令和三年の干支は【丑】とあって、高住神社にとっては深く関わりのある干支の年。
境内を見回せば分かる通り、各所に牛の像が奉納されています。
よく天満宮とのつながりを質問されますが、神牛というキーワードが同じなだけで、信仰上の接点はありません。
豊前坊の神牛は、御祭神である「豊日別神(とよひわけのかみ)」の豊国開拓という御事績から、稔り豊かな土地であるよう農業繁栄・五穀豊穣の守護神として崇められ、そこから田畑耕作に使役する牛馬の健康安寧を農民が祈ったことに始まります。
つまるところ、開拓神=農業神=牛馬の守り神といった三段論法によって牛馬安全の信仰が生まれたわけです。
ここの牛たちは豊国の守護神の神使ということなのですね。
せっかくなので、境内にいる牛たちの写真を載せておきます。
青銅の神牛は一八三九年=天保九年(約一六○年前)に、ともに五穀豊穣、牛馬・家内安全を祈願して、田川郡の大庄屋六人が住民を代表して奉納したもの。
人畜の病める部分を振替えてもらうよう其の部分の膚をなでる風習あり。〈当社由緒書より〉
昭和四十九年七月三十日奉納、ホルスタイン像。
元は神馬像が建てられていたが、戦時中の銅供出により撤去されたという説あり。
その空いた個所に建てられたのがこのホルスタイン像で、近郷の酪農部会の手によって造られたセメント製神牛像です。
近年、酪農部会によ塗装の塗り替えや製作者のご子孫により清掃されるなど丁重に扱われているおかげで、半世紀近く前のものとは思えませんが、酪農家の方いわく、現代の乳牛と違い、寸胴で短い脚の旧品種だということから昔の作風と分かるようです。
農耕使役の家畜から畜産という産業の近代化によって、信仰形態に変化が生まれ、今日では酪農、精肉加工・販売業と畜産に関わる業種の方々の信仰を集めるようになりました。
こちらは平成後期に奉納された金属製の神牛像。
奉納者の言には、肩をおおう毛からまだ仔牛であるということ、また脚をたたみ伏せている姿から、これからの「成長」や立ち上がる「発展」を願う神牛として愛でられています。

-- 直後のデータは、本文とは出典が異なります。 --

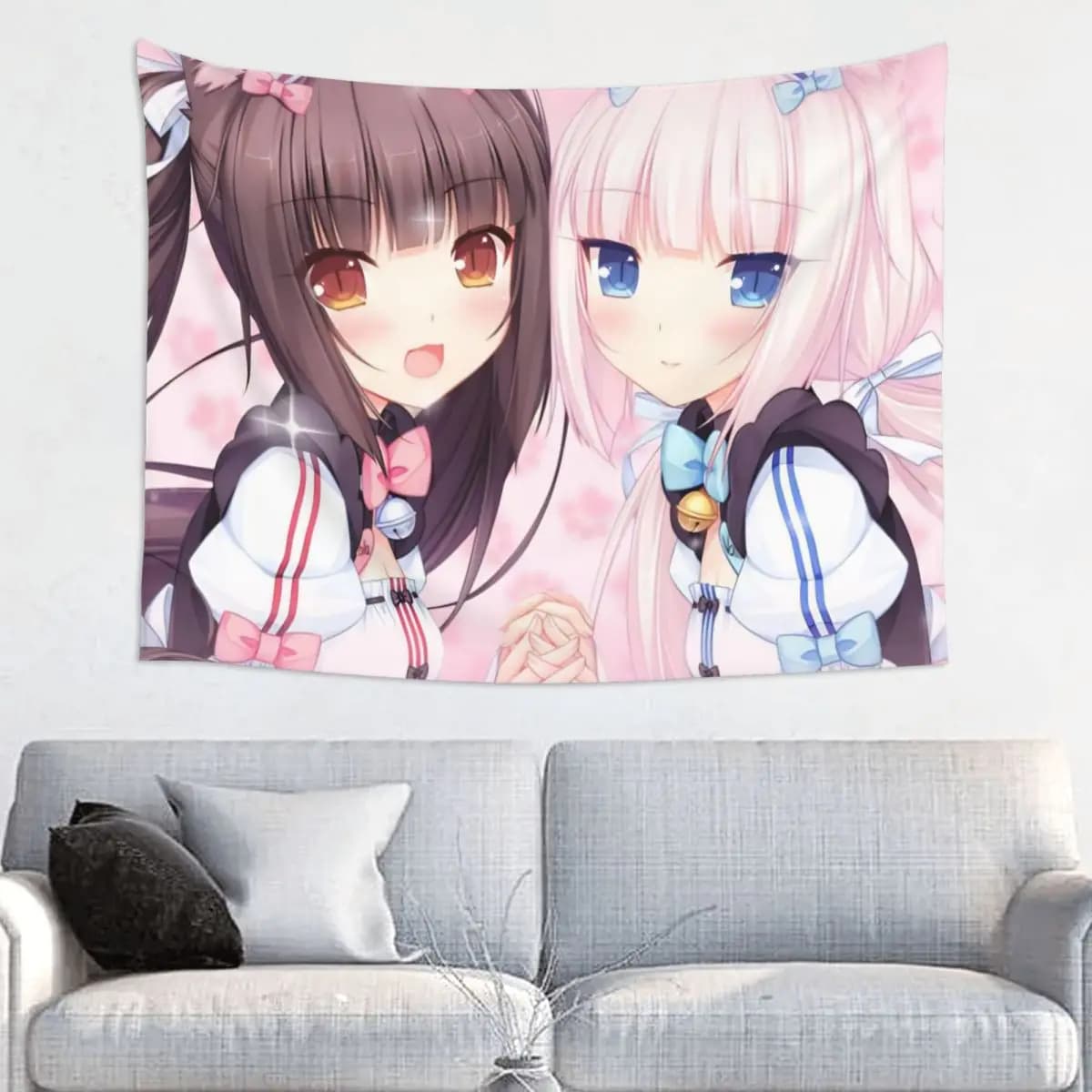 Nekopara Chocola and Vanilla Game Tape Wall Hanging Hippie Fabric Tape Boho Wall Cover Room Furniture Yoga Mat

この神牛にあやかり、鋳物で作られた「夢叶う神牛」が高住神社で人気の授与品のひとつとなっています。
最初に書いた事柄から、天満宮系の神牛でも、干支年限定の神牛像でもなく、御祭神にまつわる由緒を持った神牛像なのがお分かり頂けたかと思います。
(パッケージの反射で実物が見えづらくて申し訳ありません)
十二年に一度巡ってくる丑年と重なり着目を浴びたおかげで、一時は仕入れと生産が追いつかず欠品したときもありました。
通常授与品として日々出しておりますので、お求めの際は神社の成り立ちとともに覚えて持ち帰ってくだされば幸いです。